▶ DATA RECORDS
*** Begin section ***
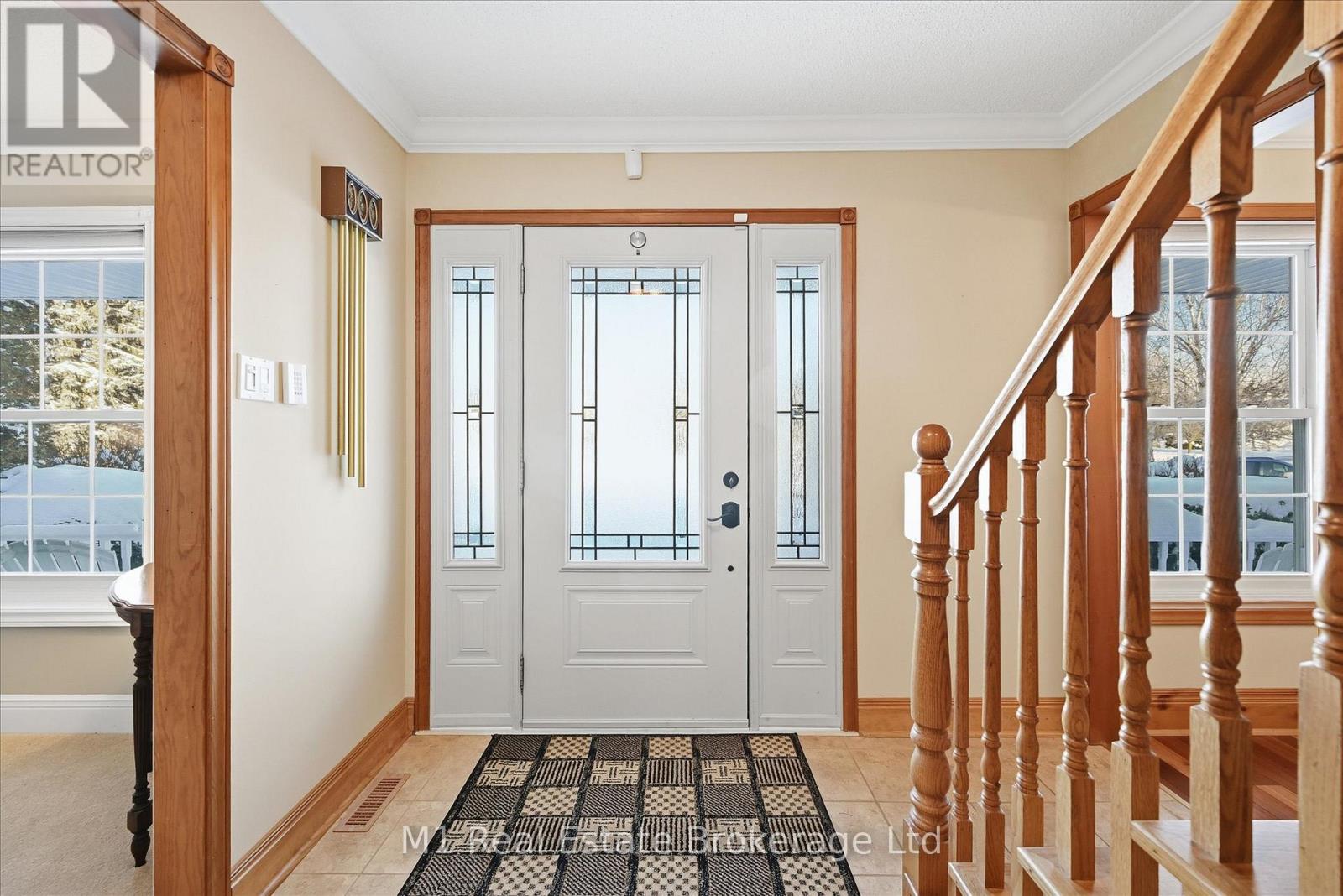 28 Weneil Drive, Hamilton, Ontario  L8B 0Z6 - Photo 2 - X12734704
*** End section ***
*** Begin section ***
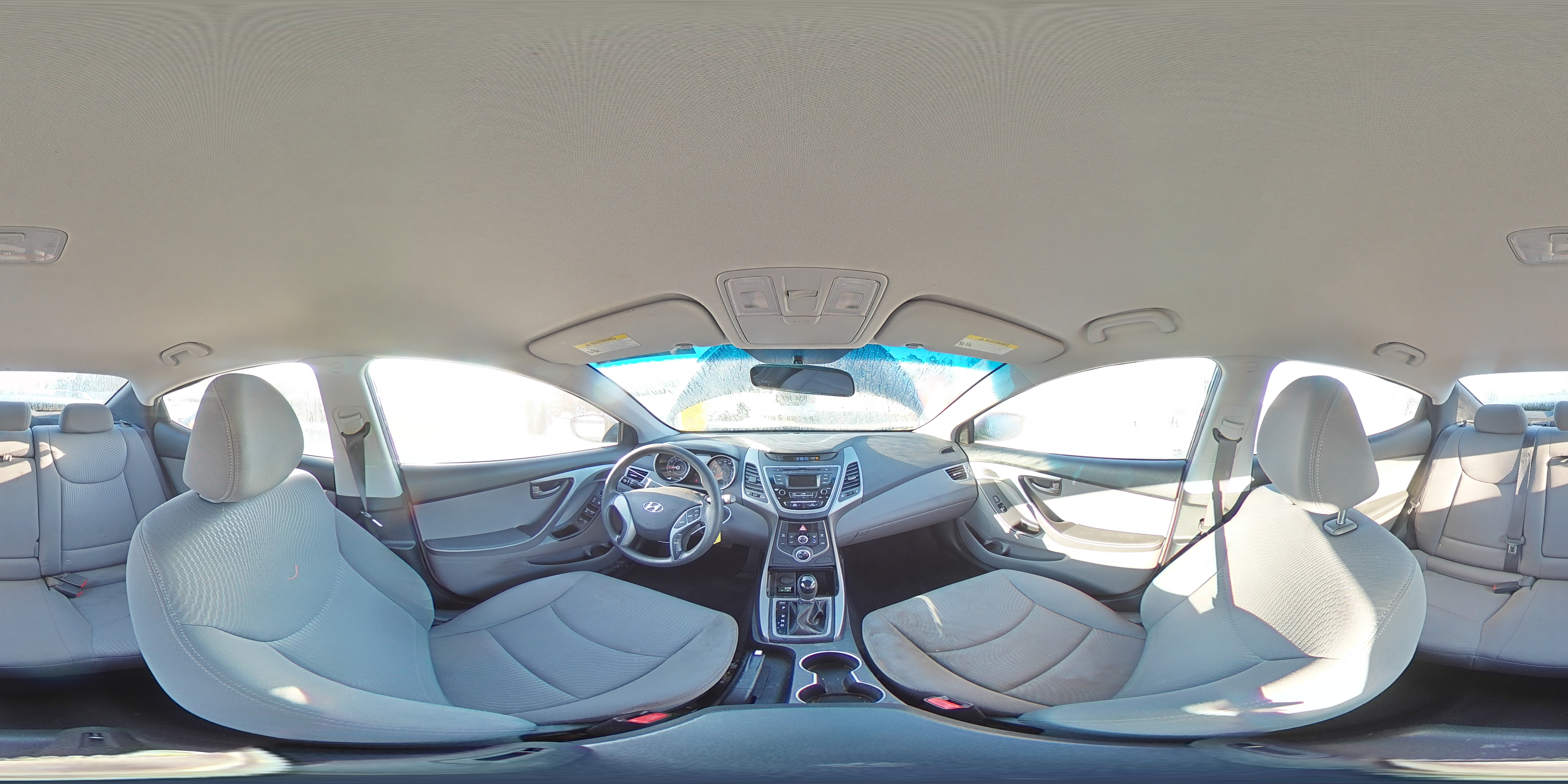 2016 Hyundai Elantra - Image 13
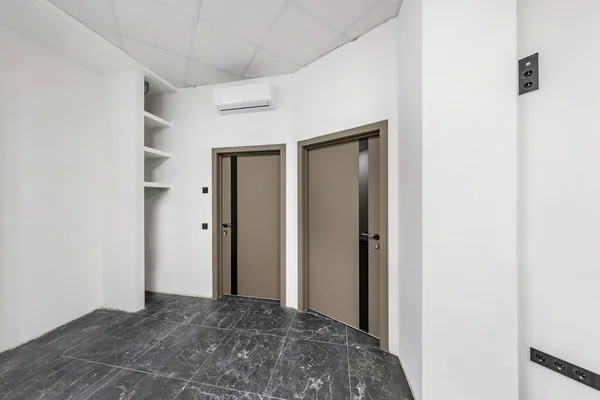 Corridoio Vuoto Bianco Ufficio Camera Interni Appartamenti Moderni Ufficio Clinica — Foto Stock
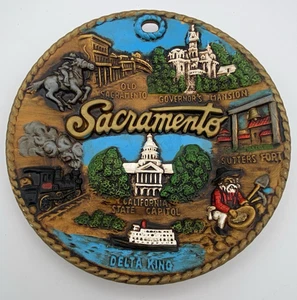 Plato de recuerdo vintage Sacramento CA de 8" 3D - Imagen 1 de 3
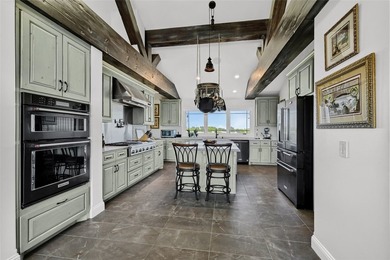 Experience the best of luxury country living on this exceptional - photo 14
*** End section ***
▶ PROBLEM TO WORK ON
Both the line above containing "2016 Hyundai Elantra - Image 13" and the line containing "Experience the best" belong in the copy, along with every line between them; print these exactly and omit the pictures.

▶ SOLVED PROBLEM
 2016 Hyundai Elantra - Image 13
 Corridoio Vuoto Bianco Ufficio Camera Interni Appartamenti Moderni Ufficio Clinica — Foto Stock
 Plato de recuerdo vintage Sacramento CA de 8" 3D - Imagen 1 de 3
 Experience the best of luxury country living on this exceptional - photo 14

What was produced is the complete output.